WASHINGTON — A federal appeals court yesterday rebuffed Prenda Law's attempt to subpoena identifying information on more than 1,000 allegedly illegal porn downloads.
The decision by the U.S. Circuit Court of Appeals for the District of Columbia is a stinging one for the copyright troll law firm and is the first appellate ruling on key tactics employed by them to tilt the playing field.
“It is quite obvious that AF Holdings could not possibly have had a good faith belief that it could successfully sue the overwhelming majority of the 1,058 John Doe defendants in this district,” U.S. Circuit Judge David Tatel wrote. “AF Holdings clearly abused the discovery process.”
Tatel and two other judges ruled that AF Holdings is not entitled to contact information for people whose IP addresses were linked to BitTorrent downloads of the film “Popular Demand” because few of them live in the District of Columbia, where the lawsuit was filed.

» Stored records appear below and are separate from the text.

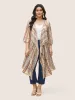 Bandana Striped Print Bell Sleeve Tunic Kimono sold by Bloomchic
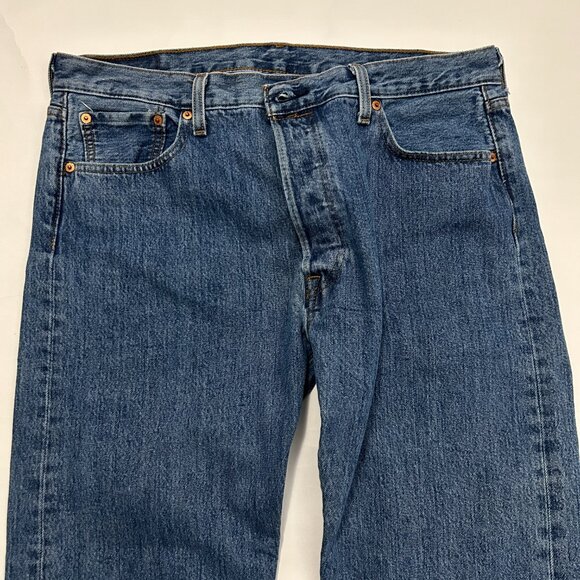 Levis 501 Jeans Mens 36x29 Blue Straight Button Fly 100% Cotton Denim Casual - Picture 4 of 11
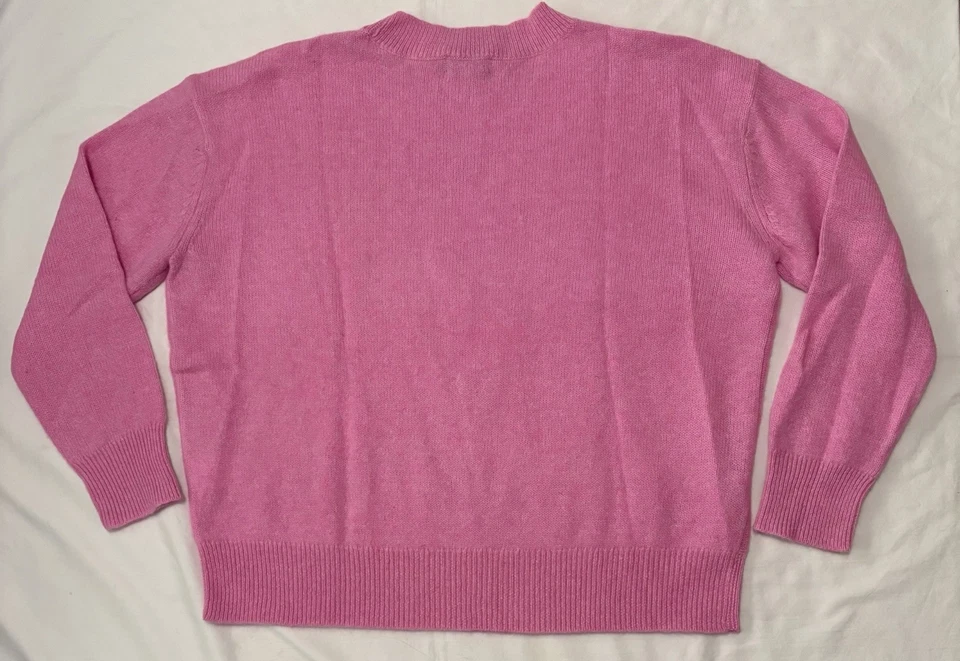 Suéter pulôver Charter Club 100% cashmere luxo corações rosa tamanho XL - Imagem 2 de 4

As a result, the panel said it’s unlikely any connection exists among all of the Internet addresses subject to the subpoena.
"To paraphrase an analogy offered by amicus counsel at oral argument, two BitTorrent users who download the same file months apart are like two individuals who play at the same blackjack table at different times," the 16-page ruling said. "They may have won the same amount of money, employed the same strategy, and perhaps even played with the same dealer, but they have still engaged in entirely separate transactions."
Tatel criticized counsel from Prenda Law, noting that a judge in another case, Los Angeles federal jurist Otis Wright, had described it as a “porno-trolling collective” and that the firm “appears to have disbanded and then reconstituted itself in a similar form." AF Holdings is represented by Paul Duffy, who works for Prenda Law.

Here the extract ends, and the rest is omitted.